Literature DB >> 19179092

Surveillance of patients after initial treatment of ovarian cancer.

Angiolo Gadducci1, Stefania Cosio.   

Abstract

The surveillance of ovarian cancer patients after initial treatment is a challenging question in clinical practice. Serum CA 125 assay, physical examination, and imaging examinations have been employed with different time schedules for the follow-up of asymptomatic patients. Rising serum CA 125 levels may precede the clinical detection of relapse in 56-94% of cases with a median lead time of 3-5 months. An ongoing randomised phase III European trial is comparing the benefits of early administration of chemotherapy based on serum CA 125 assay alone versus delaying treatment until clinical or radiological detection of recurrent disease.

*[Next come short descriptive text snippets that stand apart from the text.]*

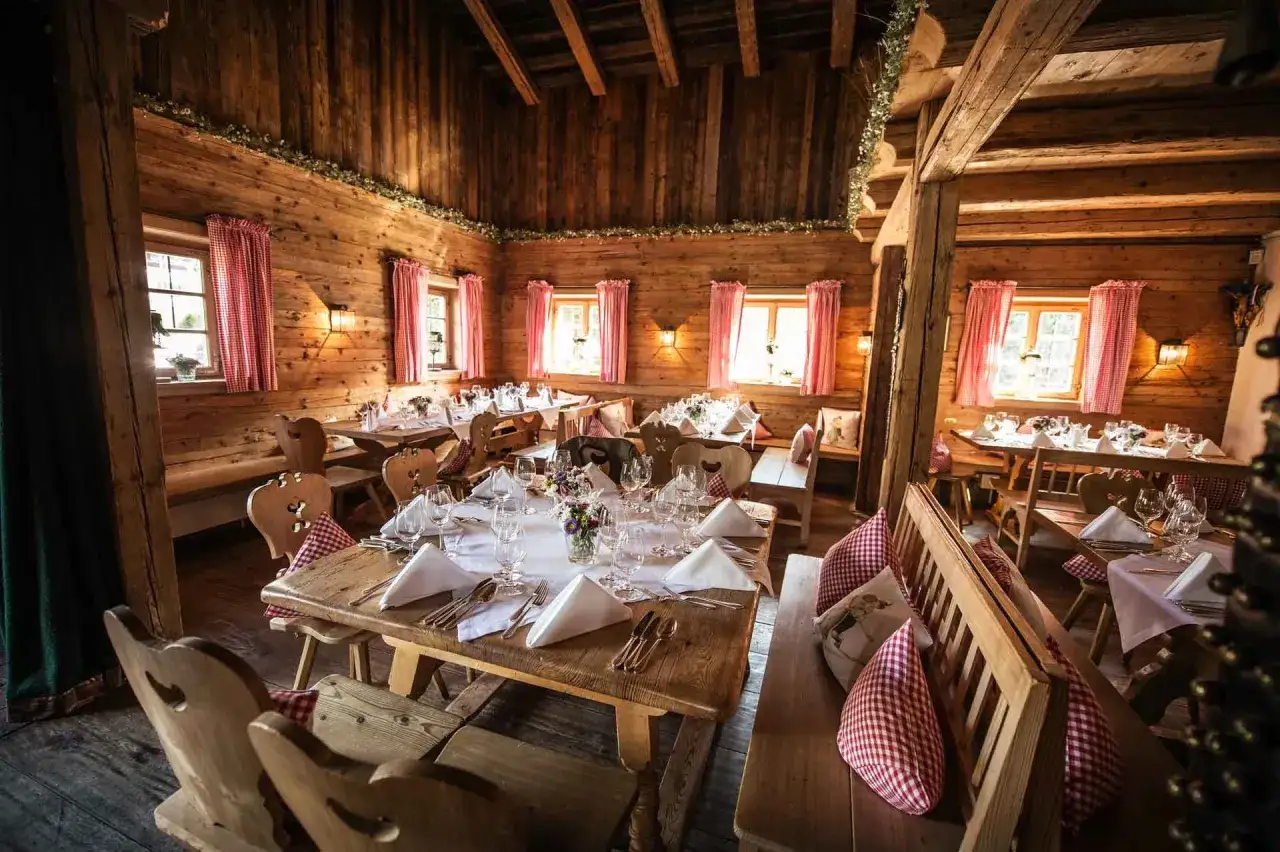 Gemütliche Holzhütte, festlich gedeckte Tische für eine Egerner Alm Hochzeit. Rote Karovorhänge und Blumen schmücken den rustikalen Raum.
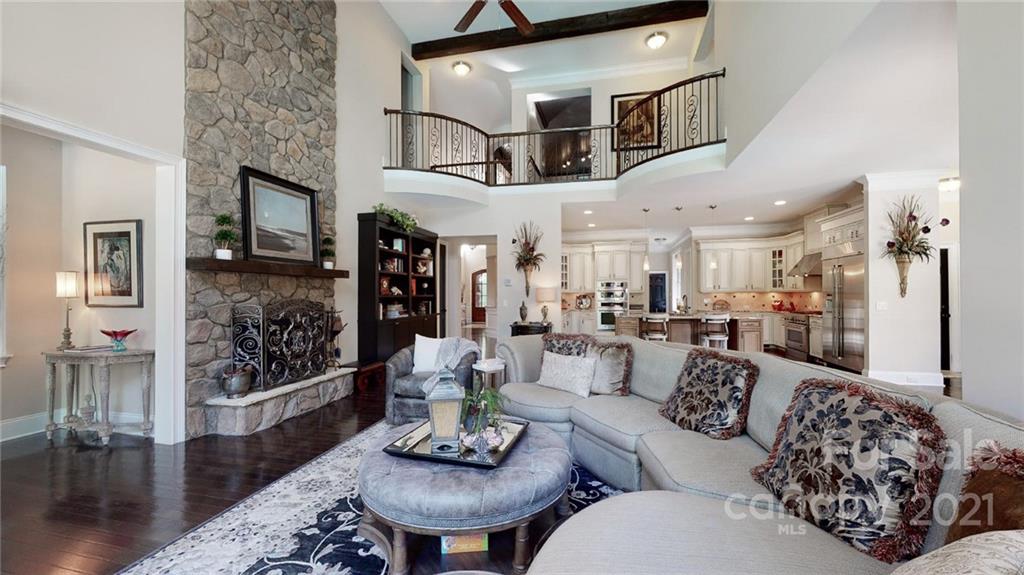 2130 Pondmeade Lane Matthews, NC 28104 - Photo 35 of 47 a living room with furniture or couch and a chandelier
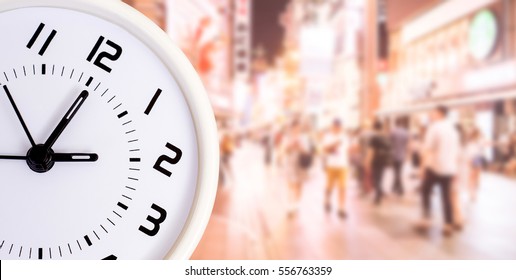 Close up of clock with abstract blur people background - Shutterstock ID 556763359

Physical examination, with or without ultrasound, is very useful for the surveillance of these patients, since approximately 25-50% of relapses involve the pelvis. Additional radiological imaging techniques, such as computed tomography (CT) and magnetic resonance imaging (MRI), are usually performed in asymptomatic patients with rising CA 125 levels as well as in patients with suspicious symptoms or signs. Integrated positron emission tomography (PET) and CT scanners (PET/CT) can identify recurrent disease in tissues that appear normal at CT imaging as well as metastatic lesions intimately associated with the bowel wall that are difficult to detect with CT or MRI, so that in most series PET/CT has a higher diagnostic reliability than that of conventional imaging techniques. Moreover, PET/CT can disclose unusual supra-diaphragmatic spreading of the disease and may be very helpful for treatment planning, especially for the selection of patients suitable for secondary surgical cytoreduction. A prospective, randomised trial of therapeutic interventions based on stratification by PET/CT disease status could elucidate the real impact of this diagnostic procedure in the management of patients with recurrent ovarian cancer.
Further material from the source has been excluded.